When counter 204 has counted to the second reference amount, rough access 
processing is completed (step 303). 
A transducer access control system according to the present invention is 
capable of high precision and reliable rough access by utilizing the 
relationship between velocity data and data identifying the physical 
position of the transducer. 
Furthermore, according to the present invention, because a closed loop is 
formed using the velocity detector and comparator, a real time control 
requiring no delay is possible. 
Furthermore, according to the present invention, since the reference 
velocity pattern is such that for the first half distance a maximum 
velocity is requested, and for the second half distance a gradually 
decreasing velocity is requested, the transducer accelerates at the 
maximum capacity of the driving means, i.e., the linear motor, to the 
median point.
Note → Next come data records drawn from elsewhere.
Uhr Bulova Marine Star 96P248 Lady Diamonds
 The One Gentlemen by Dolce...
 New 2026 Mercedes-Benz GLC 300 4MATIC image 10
Moreover, the transducer is controlled so as to not exceed 
the velocity which should be attained at the median point. The time to the 
median point is therefore shorter than that in conventional triangular 
control methods, thus high speed access is possible, and system efficiency 
can therefore be increased. Furthermore, because the velocity which should 
be achieved at the median point does not exceed the maximum possible 
speed, loss of deceleration control due to over-acceleration does not 
occur. 
Although the present invention has been fully described in connection with 
the preferred embodiment thereof with reference to the accompanying 
drawings, it is to be noted that various changes and modifications are 
apparent to those skilled in the art. Such changes and modifications are 
to be understood as included within the scope of the present invention as 
defined by the appended claims unless they depart therefrom.